Dem kann nicht mit Erfolg entgegen gehalten werden, dass durch die Neuregelung in § 23 Abs. 3 Satz 3 ff SGB XII für hilfebedürftige Ausländer ein Anspruch auf Überbrückungsleistungen nach dem SGB XII begründet wurde, der verfassungsrechtlichen Bedenken gegen den Leistungsausschluss nach § 7 Abs. 1 Satz 2 Nr. 2 SGB II evtl. begegnet (bejahend u.a. LSG Nordrhein-Westfalen Beschlüsse vom 01.08.2017 - L 6 AS 575/17 B ER und vom 16.03.2017 - L 19 AS 190/17 B ER; LSG Hessen Beschluss vom 20.06.2017 - L 4 SO 70/17 B ER; verneinend SG Speyer Beschluss vom 17.08.2017 - S 16 AS 908/17 ER). Diese Annahme dürfte - unabhängig davon, dass noch keine abschließende verfassungsgerichtliche Beurteilung erfolgt ist - mindestens voraussetzen, dass ein den Vorgaben des BVerfG entsprechender Anspruch auf anderweitige Leistungen nach dem SGB XII besteht. Diese Frage muss im anhängigen Klageverfahren geklärt werden. Zwar ist dem Sozialgericht dahingehend Recht zu geben, dass Leistungen nach § 23 Abs. 3 Satz 3 ff SGB XII gegenüber dem von der Klägerin primären begehrten Arbeitslosengeld II ein aliud darstellen dürften (LSG Nordrhein-Westfalen Beschlüsse vom 05.04.2017 - L 9 SO 83/17 B und vom 16.03.2017 - L 19 AS 190/17 B ER; Bayerisches LSG Beschluss vom 24.04.2017 - L 8 SO 77/17 B ER). Eine Verurteilung des Trägers der Sozialhilfe nach § 75 Abs. 5 SGG setzt jedoch nicht voraus, dass es sich bei den geltend gemachten Ansprüchen um ein "Minus" gegenüber dem Hauptanspruch handelt, sondern dass die Ansprüche in einem wechselseitigen Ausschließlichkeitsverhältnis stehen (Leitherer in Meyer-Ladewig, SGG, 12. Aufl., § 75 Rn. 12 mwN). Dies dürfte bei einem Anspruch auf Arbeitslosengeld II bzw. alternativ einem Anspruch auf Leistungen nach § 23 Abs. 3 Satz 3 ff SGB XII bei Eingreifen eines Leistungsausschlusses der Fall sein.

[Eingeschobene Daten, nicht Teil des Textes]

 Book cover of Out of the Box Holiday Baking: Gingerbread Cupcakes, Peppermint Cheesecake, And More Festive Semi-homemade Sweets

Prozessuale Hindernisse stehen einer Beiladung des Sozialhilfeträgers und dessen Verurteilung nicht entgegen. Allerdings hat die Klägerin ausdrücklich nur Leistungen nach dem Dritten Kapitel des SGB XII beantragt, wozu Leistungen nach § 23 SGB XII, die dem Zweiten Kapitel zugeordnet sind, nicht gehören. Dies ist jedoch bei interessengerechter Interpretation des Klagebegehrens nicht dahingehend zu verstehen, dass die Klägerin anderweitige existenzsichernde Leistungen nach dem SGB XII, die ihr evtl. zustehen, nicht geltend machen will. Sie ist insoweit ggfs. auf eine Präzisierung der Antragstellung hinzuweisen (§ 106 Abs. 1 SGG). Die Verurteilung des Beigeladenen nach § 75 Abs. 5 SGG setzt die Durchführung eines Vorverfahrens nicht voraus (Fock, in: Breitkreuz/Fichte, SGG, 2. Aufl. § 75 Rn 22; Gall in JurisPK SGG § 75 Rn. 194).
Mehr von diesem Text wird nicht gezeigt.